We finished our trip with a visit to the Combat Road History Museum, a testament to the past of this area run by several history enthusiasts that spend their free time uncovering relics from the mountains around Acquafondata. There we also met Marco, the original contact that I had had with all of these fantastic people. Late one night while communicating over Facebook just a week before, we had found that the same BF 109 aircraft that he and the men from the Combat Road History Museum were scouring the mountains for with metal detectors was one that the 67th CA had shot down in March in 1944.
They opened their museum on this day just for us and with pride showed us the most fantastic collection of WWII relics I have ever seen, bringing to life what it was like to be a soldier in the mountains of Italy in those years. Ailerons of downed aircraft, old rusty rifles, toothpaste tubes, mess kits, dioramas of medical tents, command centers, communications rooms. I held in my hand a piece of the BF 109 that I knew from the morning reports was likely the victim of anti-aircraft fire of the 67th. The life that the men lived in those days came to life in those rooms carefully curated by these men who ran the museum with no intent of profit but simply to bring history back to life.

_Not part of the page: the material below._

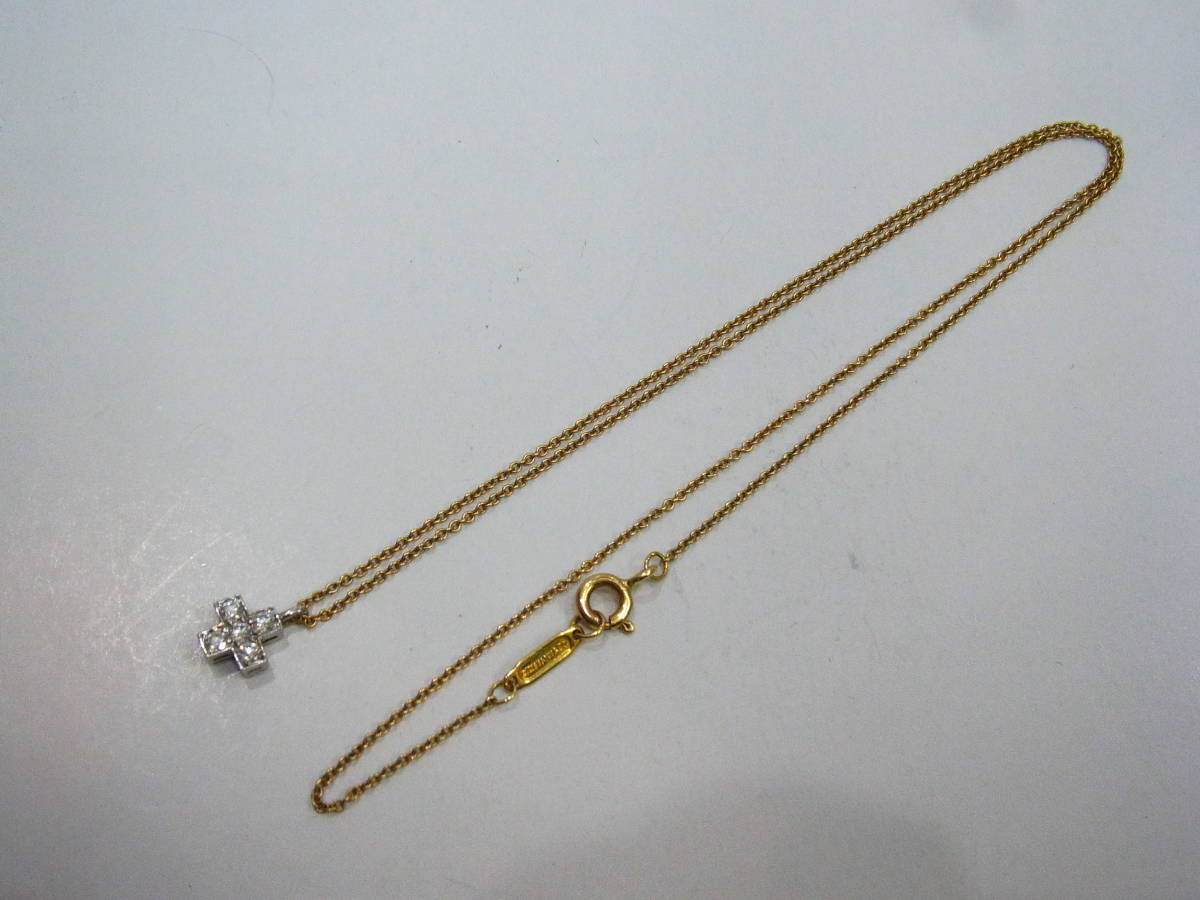 △○TIFFANY&Co.○ ティファニー K18 PT950 ダイヤ クロス ネックレス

As we parted ways, I gave them a nice Kentucky Bourbon as a thankyou, and joked that while World War II relics can be recovered from the hills of Acquafondata, this is what comes from the hills where I come from. He laughed and said that this will give him warmth in the forest the next time he is out scouring the mountains for artifacts from the war. Driving back down the mountain and making our way to Rome, I still was in disbelief what a turn the day had taken versus my initial (and I thought at the time unlikely) goal to simply view the field from which the 67th had dug into in 1944. What a rich history those mountains had to tell to those who cared to listen.
Oh Kurt, what a touching story !
Reliving pops winter spent there. So glad you got to set up that meeting. Bet you were in 7th heaven!
🙂
Another great adventure! You know I am living my inner history geek life through your European adventure!
Means a lot coming from a true history geek!